Il s'efforçait de ne rien changer à ses habitudes, de paraître en bonne santé. Après le départ de Louis pour l'Aquitaine, il voulut chasser. Les médecins ne purent l'en dissuader. On sait le peu de compte qu'il faisait de leurs conseils. Comme au temps de sa jeunesse, il conduisit la joyeuse troupe des veneurs dans une forêt proche d'Aix-la-Chapelle. Quand il regagna son palais, il tremblait de fièvre. Il parut ensuite se rétablir, mais les accès devinrent de plus en plus fréquents et les douleurs s'accrurent. Il dut renoncer aux offices de nuit. En janvier 814, il prit froid en sortant d'un bain. Terrassé par la fièvre, il fut obligé de s'aliter. Il crut que la diète le guérirait. Ce remède lui avait toujours réussi. Mais, bien qu'il s'abstînt de nourriture et ne bût qu'un peu d'eau, la fièvre augmenta. Il s'agissait probablement d'une pleurésie. Conscient de son état, le moribond fit appeler l'archichapelain Hildebald. Ce dernier lui administra les derniers sacrements. Tel était le privilège de l'archichapelain, Charlemagne ne l'avait pas oublié ! Les jours suivants, il tomba dans une grande faiblesse. Le 22 janvier, à la pointe du jour, on le vit faire le signe de la croix sur son front, sa poitrine et tout son corps. Ses pieds se rapprochèrent. Ses mains se nouèrent sur sa poitrine pour une ultime prière. Il s'était donné lui-même l'attitude des gisants ! Il ferma les yeux. On l'entendit psalmodier le sixième vers du Psaume trente-neuf : « Seigneur, je recommande et je remets mon âme entre vos mains. » Puis son souffle s'éteignit.

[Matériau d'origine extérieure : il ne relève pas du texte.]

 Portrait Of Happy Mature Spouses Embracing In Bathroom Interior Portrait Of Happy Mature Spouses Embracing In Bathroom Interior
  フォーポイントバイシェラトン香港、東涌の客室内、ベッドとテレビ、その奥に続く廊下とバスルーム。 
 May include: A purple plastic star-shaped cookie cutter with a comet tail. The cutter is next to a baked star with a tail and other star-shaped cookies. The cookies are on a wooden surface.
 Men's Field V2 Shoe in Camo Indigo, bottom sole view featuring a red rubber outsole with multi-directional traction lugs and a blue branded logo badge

Éginhard : « Après l'accomplissement des lotions et des soins funéraires, son corps fut transporté et inhumé dans l'église, au milieu du deuil profond de tout le peuple. On avait d'abord hésité sur le choix du lieu de sa sépulture, parce que lui-même, de son vivant, n'avait rien prescrit à cet égard : mais tout le monde s'accorda pour décider qu'il ne pourrait être enseveli nulle part plus honorablement que dans cette basilique qu'il avait lui-même, à ses propres frais, fait construire à Aix, pour l'amour de Dieu, de Notre-Seigneur Jésus-Christ, et en l'honneur de la Vierge sainte et éternelle, mère du Sauveur. »

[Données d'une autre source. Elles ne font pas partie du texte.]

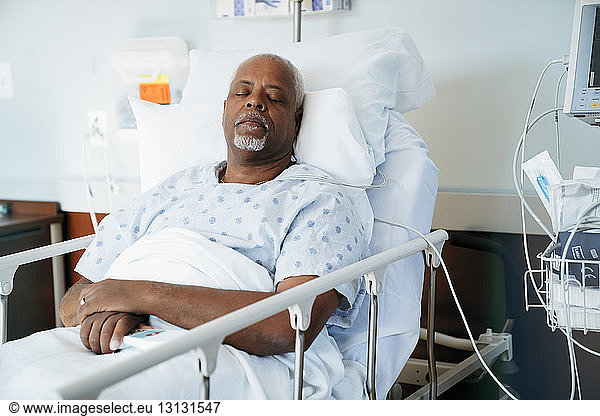 Senior patient sleeping on bed in hospital ward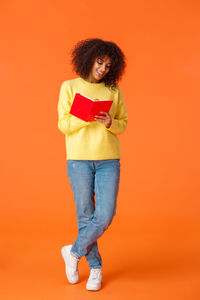 Full length of smiling woman reading book standing against colored background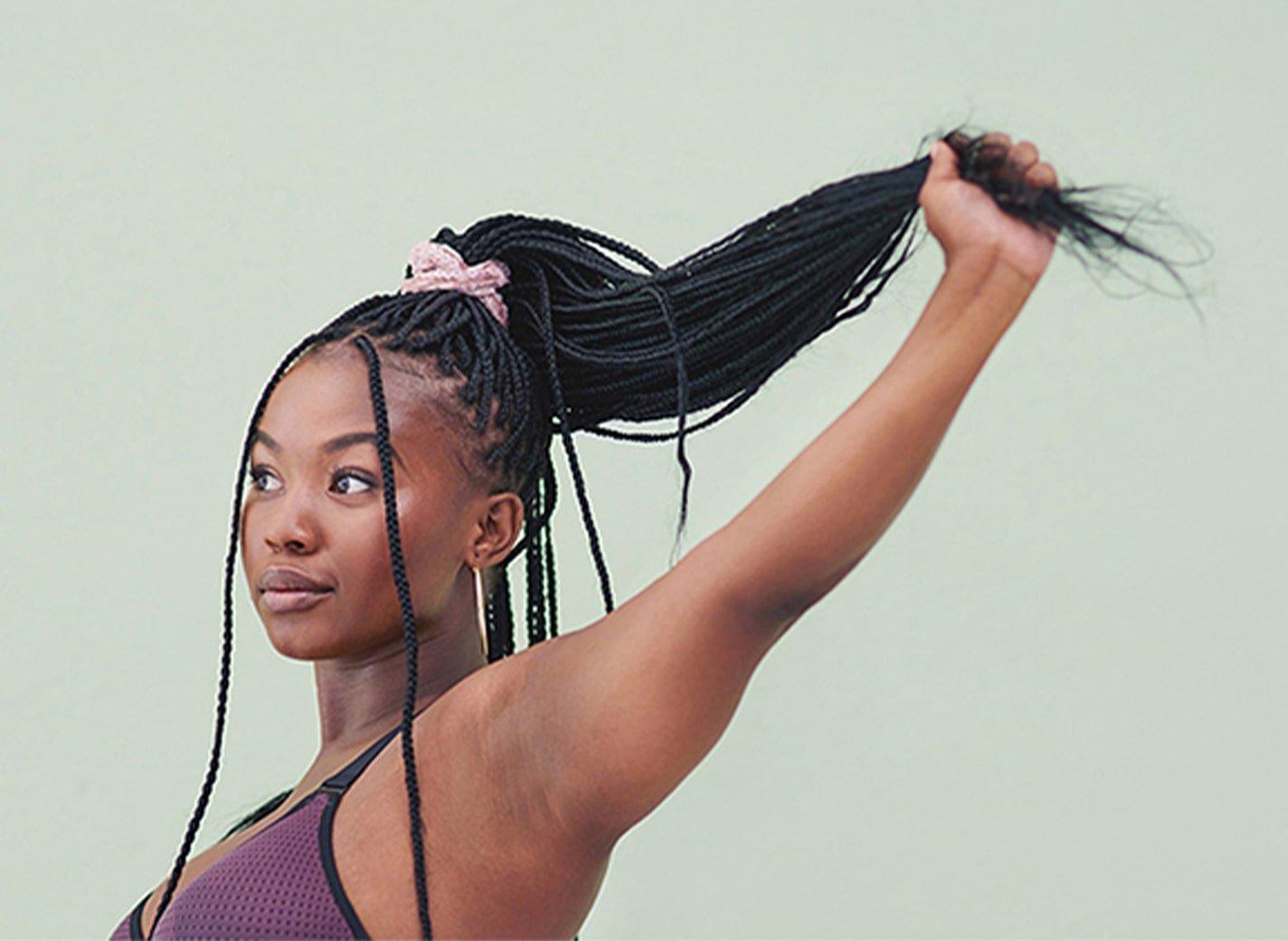 A woman with a high ponytail holds a section of her hair and her hair looks healthy and undamaged.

L'absence du nouvel empereur dut en effet poser un grave problème. Certains se souvenaient que le défunt avait exprimé naguère le vœu d'être inhumé près de Pépin le Bref et de la reine Berthe, à Saint-Denis. Cependant la famille impériale décida qu'il reposerait dans la chapelle d'Aix, ce qui était logique et d'ailleurs conforme à la tradition. Le corps revêtu des ornements impériaux fut placé dans un sarcophage de marbre blanc, dont les bas-reliefs représentaient l'enlèvement de Proserpine par Pluton et Minerve. Nul ne protesta contre ce choix. C'était probablement le seul sarcophage disponible. Personne ne fut choqué par le motif païen de la sculpture. Savait-on même l'interpréter ? Le corps de Charlemagne fut enseveli dans une fosse creusée sous le pavement de la basilique. Lorsque l'empereur Louis arriva enfin à Aix-la-Chapelle (à la fin de février), il fit élever une arcade dorée au-dessus du tombeau de son père, et placer cette inscription :

« Dans ce tombeau repose le corps de Charles, grand et orthodoxe empereur, qui étendit glorieusement le royaume des Francs et gouverna avec bonheur pendant quarante-sept années1. Il mourut septuagénaire, l'an du Seigneur huit cent quatorze, la septième de l'indiction, le cinq des Calendes de février. »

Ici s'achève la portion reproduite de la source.